Tomar el nombre de Cristo: un camino de discipulado
“En las revelaciones modernas, el Señor se refiere a los templos como casas ‘edificadas a mi nombre’ (Doctrina y Convenios 105:33). …
“El proceso de tomar sobre nosotros el nombre de Jesucristo, que comienza en las aguas del bautismo, continúa y se amplía en la casa del Señor. Al estar en las aguas del bautismo, miramos hacia el templo. Al participar de la Santa Cena, miramos hacia el templo. Prometemos recordar siempre al Salvador y guardar Sus mandamientos como preparación para participar en las ordenanzas sagradas del templo y recibir las más altas bendiciones disponibles mediante el nombre y por la autoridad del Señor Jesucristo. Así, en las ordenanzas del santo templo tomamos sobre nosotros el nombre de Jesucristo de manera más completa y plena.”
— Élder David A. Bednar, del Cuórum de los Doce Apóstoles, conferencia general de abril de 2009, “Mantener honorable un nombre y una investidura”
El élder David A. Bednar enseña aquí una verdad profunda sobre el proceso progresivo de tomar sobre nosotros el nombre de Jesucristo. Ese compromiso no se agota en el bautismo ni en la Santa Cena, sino que encuentra su plenitud en las ordenanzas del templo, que son las que sellan de manera más completa nuestra identidad como discípulos y herederos del convenio.
En Doctrina y Convenios 105:33 el Señor llama a los templos “casas edificadas a mi nombre”. Esta frase conecta directamente el templo con el convenio de tomar sobre nosotros Su nombre. En el bautismo comenzamos esta senda: entramos en el redil de Cristo y recibimos Su nombre. Cada domingo, en la Santa Cena, renovamos esa promesa y afinamos nuestro corazón en preparación para algo mayor. Es como si cada paso de la vida en la Iglesia nos guiara hacia la Casa del Señor, donde la investidura y los convenios eternos nos permiten llevar Su nombre en un sentido más pleno y eterno.

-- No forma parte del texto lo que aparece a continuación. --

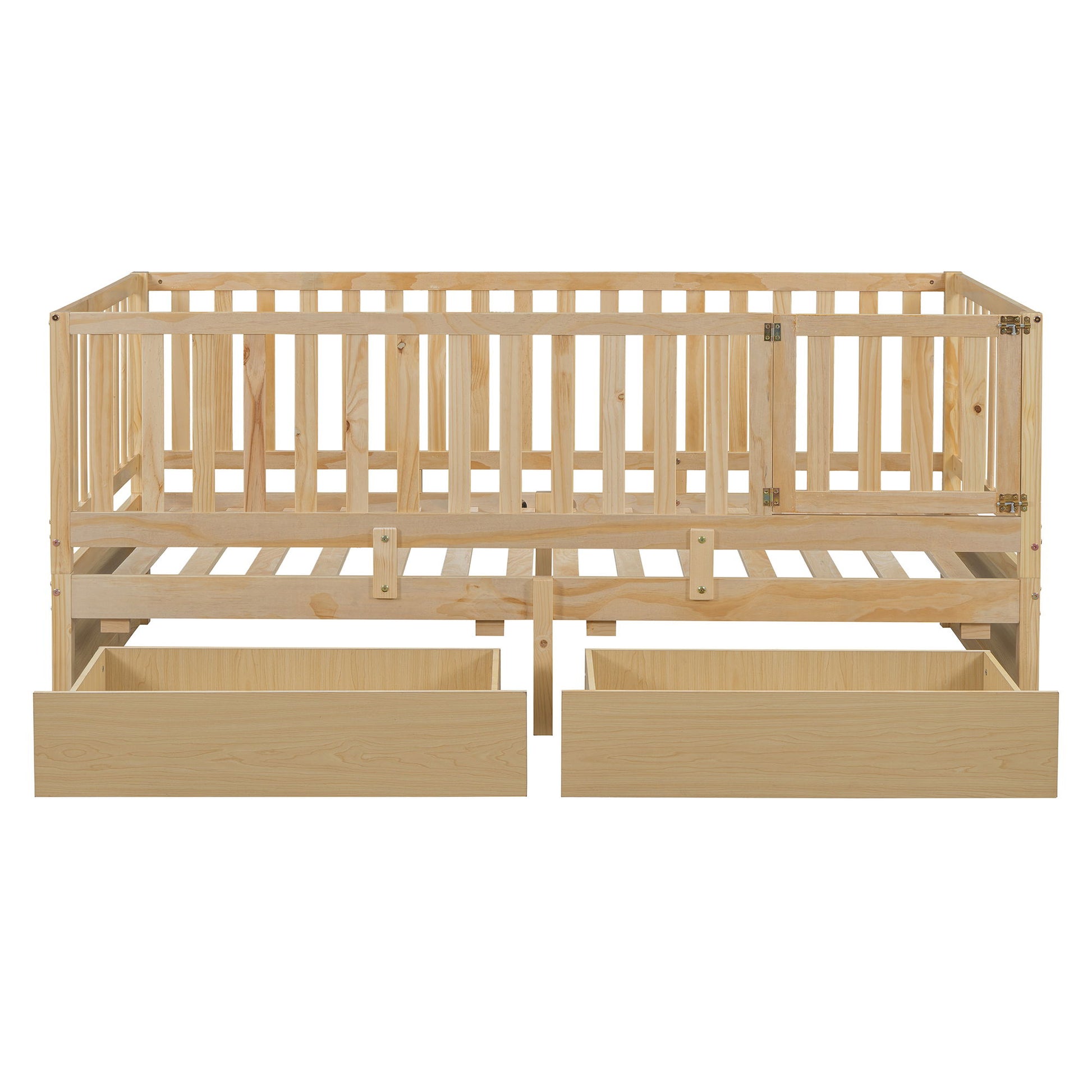 Daybed With Fence Guardrails And 2 Drawers, Split Into Independent Floor Bed & Daybed - The Sleep Loft - Online Mattress Showroom NYC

Doctrinalmente, este patrón refleja un principio de progresión espiritual por medio de ordenanzas. El bautismo no es el final, sino el principio. La Santa Cena no es la meta, sino un recordatorio constante que nos impulsa al templo. Y en el templo, finalmente, tomamos sobre nosotros el nombre de Cristo de forma total, comprometiendo no solo nuestras acciones externas, sino nuestra vida entera, nuestra lealtad y nuestro ser.
Narrativamente, podemos imaginar a un joven converso que entra a las aguas bautismales. Ese día, toma sobre sí el nombre de Cristo por primera vez. Años después, al participar semanalmente de la Santa Cena, mantiene viva la memoria de ese compromiso. Finalmente, al entrar en el templo, descubre que cada paso lo estaba preparando para recibir convenios mayores, promesas más elevadas y un vínculo más profundo con el Salvador. Lo que comenzó en el agua y se renovó en la mesa sacramental encuentra su culminación en la Casa del Señor.
Así, el mensaje del élder Bednar nos recuerda que tomar sobre nosotros el nombre de Cristo no es un acto único ni simbólico, sino un camino de discipulado creciente. Ese camino comienza en el bautismo, se renueva en la Santa Cena y se sella con poder en el templo. Allí, como verdaderos hijos e hijas del convenio, llegamos a ser “Suyos” de manera más plena y eterna.